Reflexiones semanales
1 de mayo 2022

Comunidad sinodal

III domingo de Pascua

La Palabra de Dios en esta semana es para darnos cuenta de que estamos en las manos de Dios, porque, después de tantos acontecimientos y tantas pruebas, tenemos más razones para seguir a Jesús. La respuesta de Pedro, en la primera lectura, es impresionante: «Hay que obedecer a Dios antes que a los hombres». Esta profesión de fe no ha salido porque buscó palabras bonitas, sino porque ha tenido experiencia de la fuerza del poder de Dios; no las ha dicho porque las aprendió del salmo (Sal 118, 8), «mejor es refugiarse en el Señor que fiarse de los hombres», sino porque la victoria de Dios sobre la muerte ha sido la prueba más grande de su misericordia y de su amor, no hay seguridad más grande que ponerse en sus manos. Estas cosas las dice Pedro porque es un convencido de que Dios no pasa de largo, su corazón ha quedado traspasado por el arrepentimiento, agradecido por el perdón y el don recibido que le han hecho un hombre nuevo, dispuesto a proclamar la verdad de los acontecimientos que le han dado la vida.
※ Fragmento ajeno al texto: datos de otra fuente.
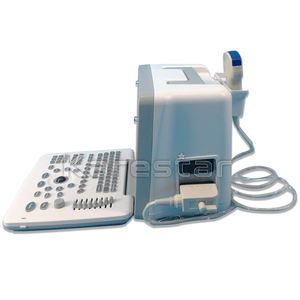 Échographie humaine haute définition spéciale pour la machine à ultrasons d'imagerie multi-parties des cliniques externes des hôpitaux - Product Image 3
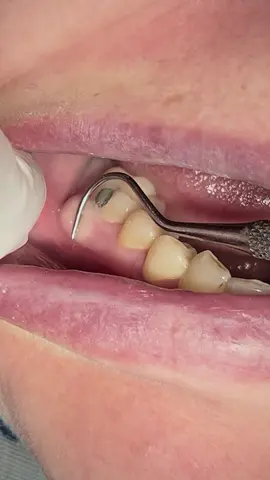 tooth abscess #dentist #teeth #dental #tartar #calculus 
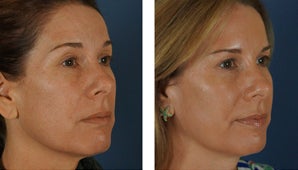 Botox and Fillers Around the Eyes - Female before 1290365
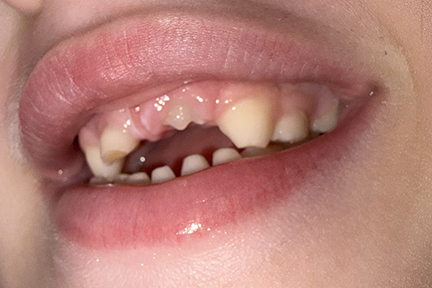 This is an intra-oral photo of a young girl's mouth. The front adult tooth is beginning to erupt. Other teeth are misshapen due to TSPEAR-related ectodermal dysplasia.
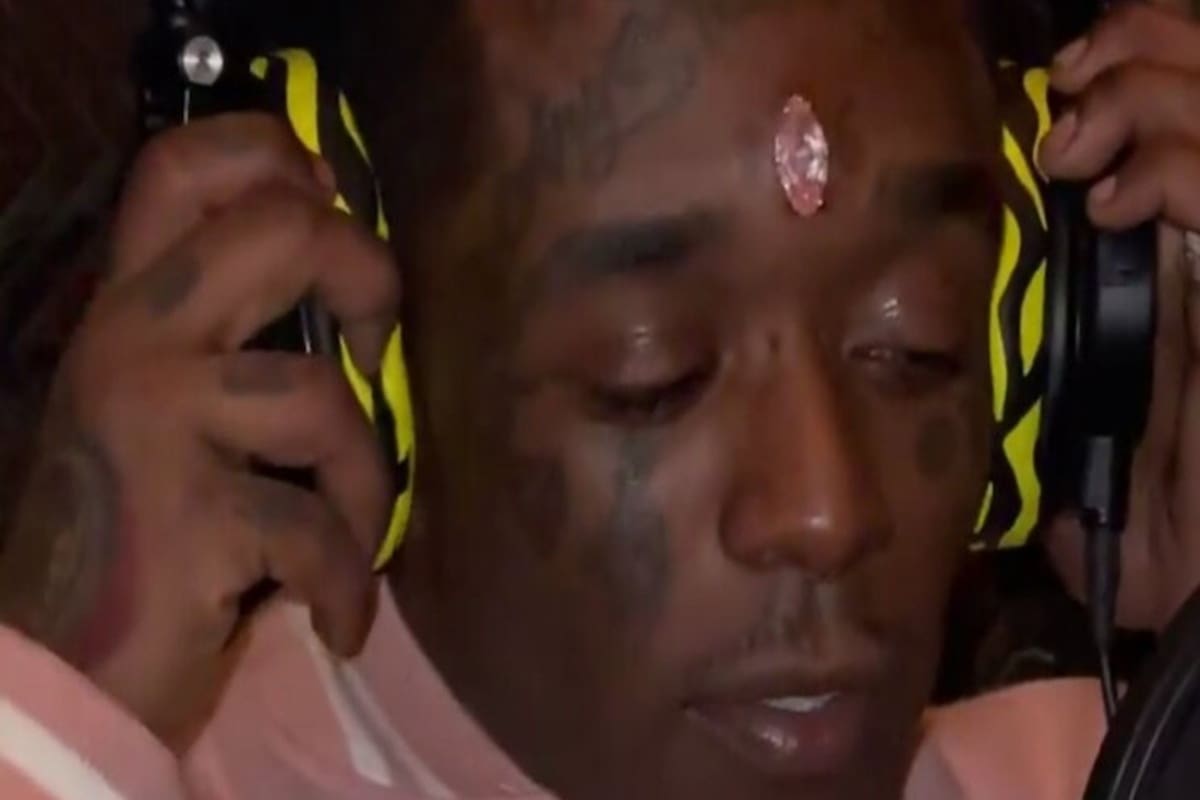 El músico Lil Uzi Vert, de Estados Unidos, publicó un video en sus redes sociales donde mostró la excéntrica transformación corporal a la que se sometió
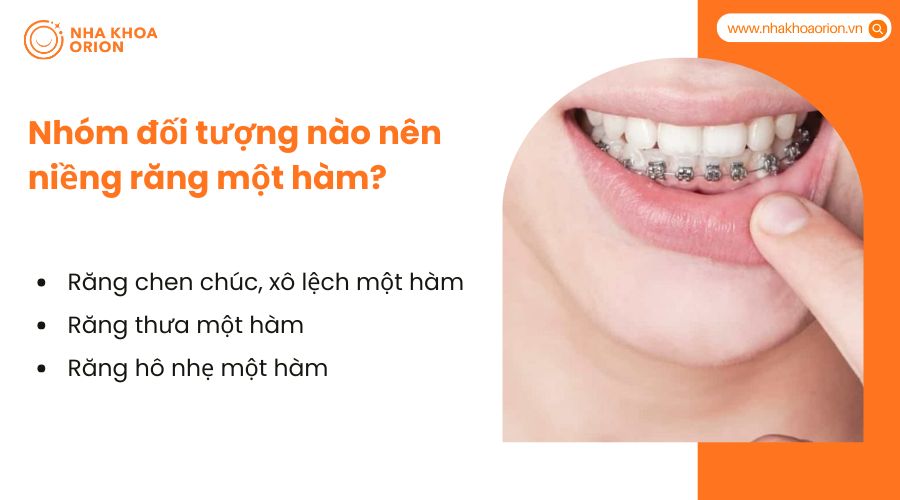 Nhóm đối tượng nào nên niềng răng một hàm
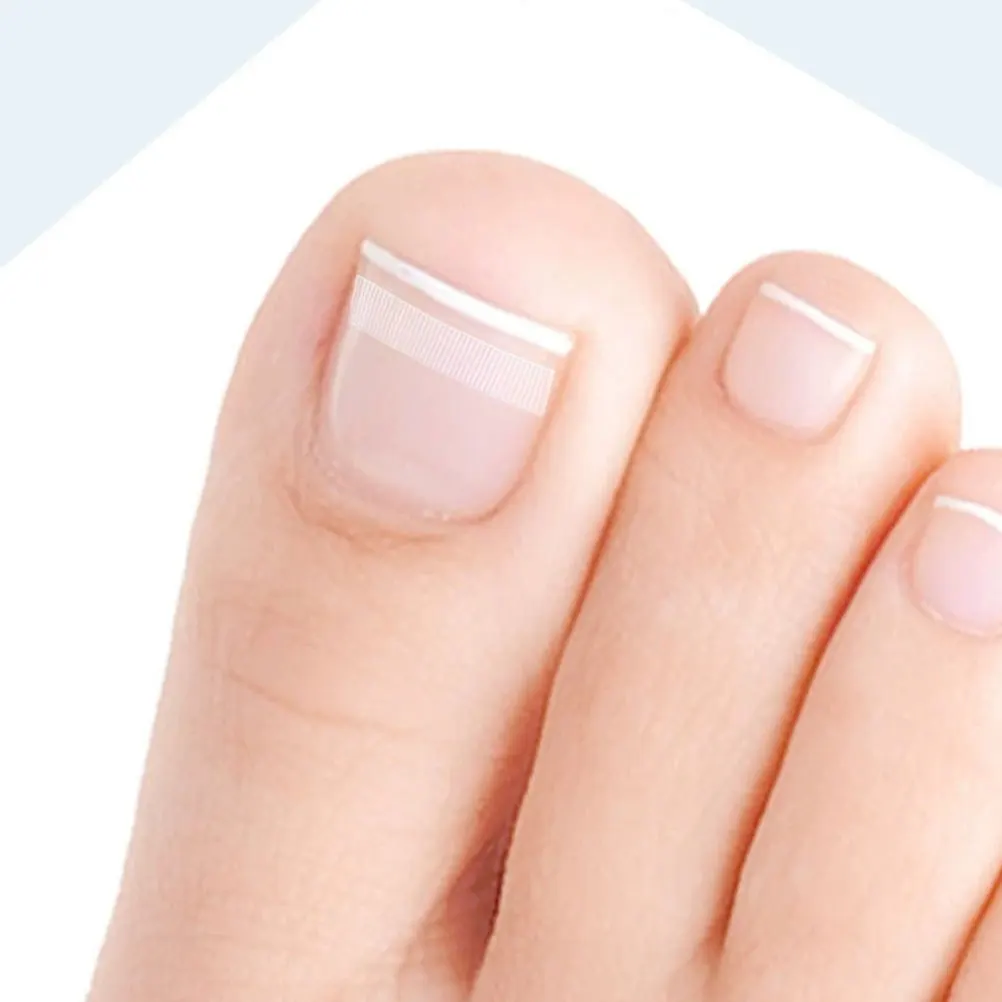 

5Pcs Foot Care Strips Ingrown Toenail Corrector Sturdy Fixation Long-Lasting Nail Treatment Solution French Manicure Strips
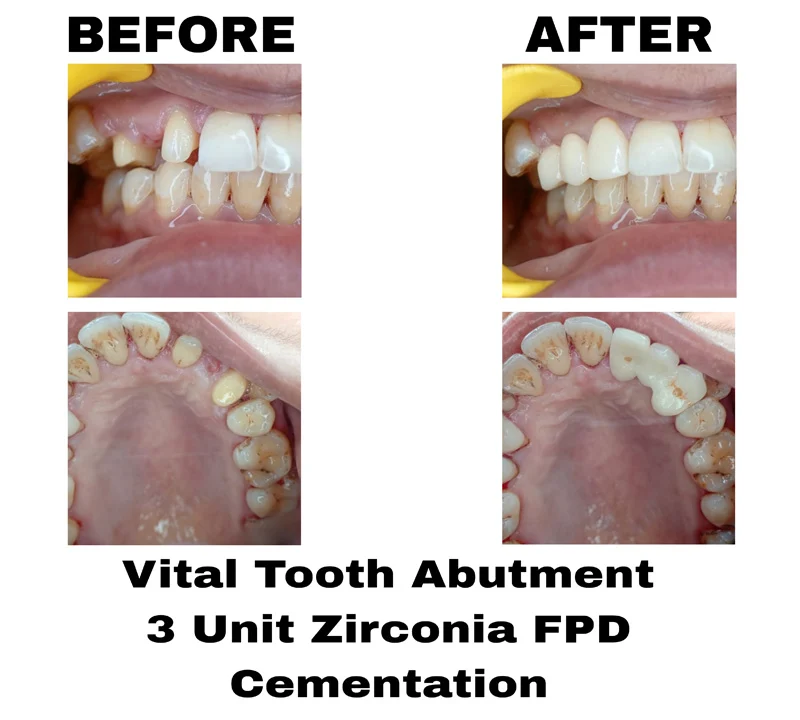 before-and-after-image-of-vital-tooth-abutment-3-unit-zirconia-fpd-cementation-treatment-at-dentity-dental-teghoria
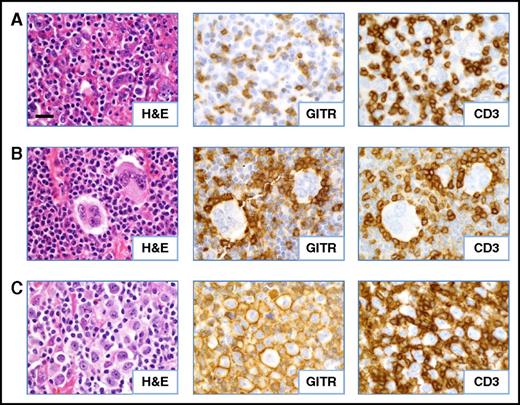 Figure 3. Patterns of GITR expression observed in CHL. Serial FFPE tumor sections were stained as indicated. (A) Diffuse GITR expression on infiltrating T lymphocytes (case CHL-2). (B) Rosettes of GITR+ T cells surrounding HRS tumor cells (case CHL-19). (C) GITR expression on the plasma membrane of a subset of the HRS cells (case CHL-7). All cases shown are EBV− specimens. Slides were imaged at ×500 magnification with an aperture of 0.9. Bar, 20 μm.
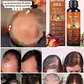 Clinical-grade anti-hair loss and hair growth serum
Todavía no ha pasado mucho tiempo y ya conocen las persecuciones y el valor de la oración de Cristo, especialmente Pedro, ¡qué experiencias están viviendo ahora los discípulos! ¡con que alegría y fortaleza han asumido sus responsabilidades, las que les confió Jesús! Jesús fue preparando personalmente a todos los discípulos para la tarea que les iba a pedir, les fue abriendo su corazón para que le conocieran bien, pero la elección de Pedro fue especial y su intencionalidad evidente. El servicio de Pedro será sostener a los hermanos y a toda la Iglesia en la fe y ayudarles a desarrollarla, para cuando vengan las pruebas: Confirma a tus hermanos, apacienta, pastorea a mis ovejas… Pedro deberá ayudar a los fieles en la lucha por vencer todo lo que les haga perder o debilitar su fe. Esta es, pues, la finalidad a la que Pedro debe orientar su misión de confirmar y sostener en la fe: la comunión fraterna en virtud de la fe.

La Iglesia nos hace una llamada especial a todos nosotros en estos días de Pascua, que nos dejemos interpelar por la Palabra del Resucitado, que pone al descubierto nuestra fragilidad, pero, como a Pedro, nos tiende la mano y nos pide el consentimiento de la reciprocidad en el amor. Esto se debe a la fuerza de la fe, que potencia el deseo ardiente de amarlo de verdad, incondicionalmente y la necesidad de salir al encuentro de los hermanos, para ofrecerles el tesoro de esta gracia, el testimonio de una vida entregada a quien nos ha puesto en camino de salvación.

Con la alegría de este tiempo pascual, podemos decir que también nosotros reconocemos hoy, en la persona del Papa Francisco, al elegido por el Señor para pastorear a la Iglesia y cuando le miramos decimos: ¡ahí está Pedro!, fortalecido con la oración de Jesús que lo libra de sus enemigos. Reconocemos que su Magisterio nos ayuda a crecer en la fe y nos anima a consolidar la comunión entre todos los hermanos, que su llamada a la sinodalidad nos está haciendo mucho bien y nos está ayudando a construir la familia de la Iglesia. Oremos al Señor Resucitado por el Papa, hombre de Dios, hombre de paz, para que sienta en su ministerio cómo le necesitamos.